The chefs—including Brian Dunsmoor of Hatchet Hall, Cadet’s Kris Tominaga, Steve Samson from Sotto as well as Daniel Mattern, Roxana Jullapat and Travis Lett—prepare luscious ham wrapped figs. Flatbread made from the Weisers’ Sonora wheat is accompanied by Fromage Blanc and apricots, followed by tomato and cucumber salad and a boil of Santa Barbara ridgeback prawns served with sweet corn. Jeff Fischer of Habit Wine provides the wine.
This is not just a beautiful meal. The dinner, organized by Outstanding in the Field and held on Saturday, June 22, 2015 is a fundraiser for southern California’s new Grain Hub. Special guest Glenn Roberts of Anson Mills speaks about the importance of preserving and producing heirloom grains. Alex Weiser and Jon Hammond of Linda Vista Ranch, two farmers leading the local grain movement in California, show guests around the farm and share about their work growing wheat, rye and oats.

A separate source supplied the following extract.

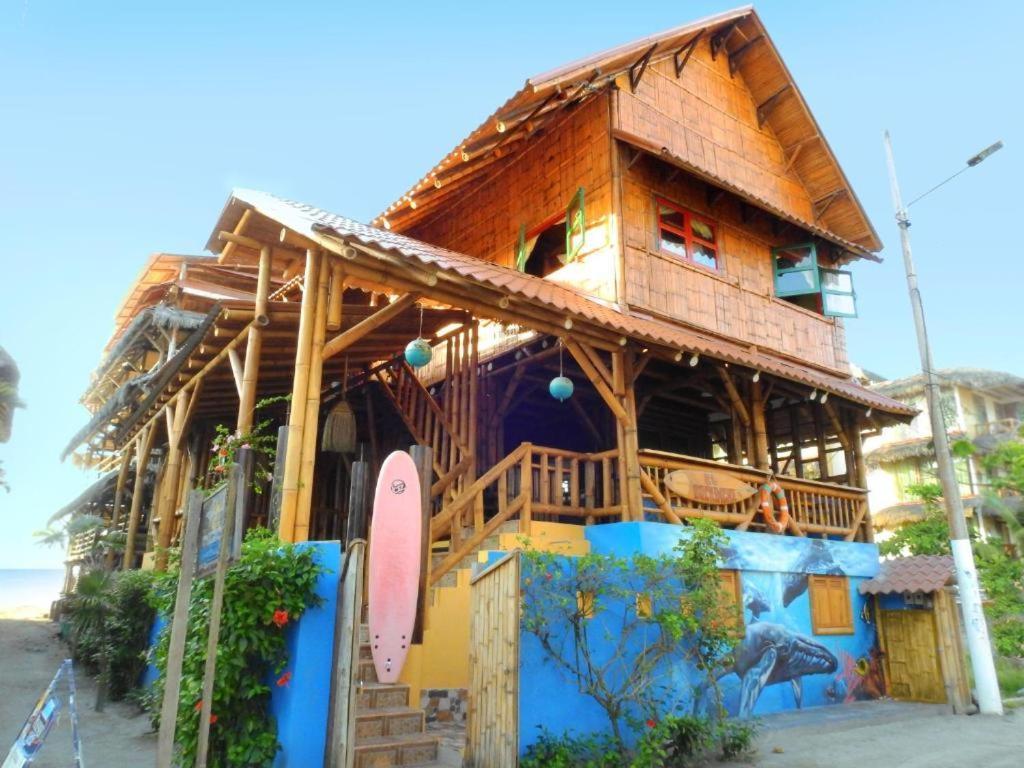 El Bochinche Hotel Mompiche Exterior foto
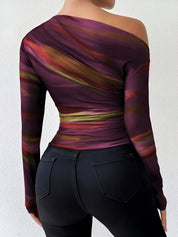 Elena Marble Top | Dames T-shirt met Asymmetrische Halslijn en Uniek Marmerkleurig Plooieffect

The Grain Hub started with the work of Sonoko Sakai, a noodle maker, food writer and educator (among other things), who started the organization Common Grains to promote appreciation of Japanese food and culture.
Sakai’s interest in local grains led her to Glenn Roberts at Anson Mills. Roberts in turn donated heirloom seed that Sakai shared with interested southern California sustainable farmers—including Alex Weiser and Jon Hammond.
Hammond explains that small cereal crops like rye have been self-propagating in southern California for more than a hundred years. He is particularly interested in Tehachapi Mountain Rye, a cultivar that southern California farmers abandoned in the 20th century, but which has stubbornly continued to grow as a weed in fields and along roadsides. This tough local variety has adapted to the dry local conditions and requires only a couple inches of rain to produce a harvest.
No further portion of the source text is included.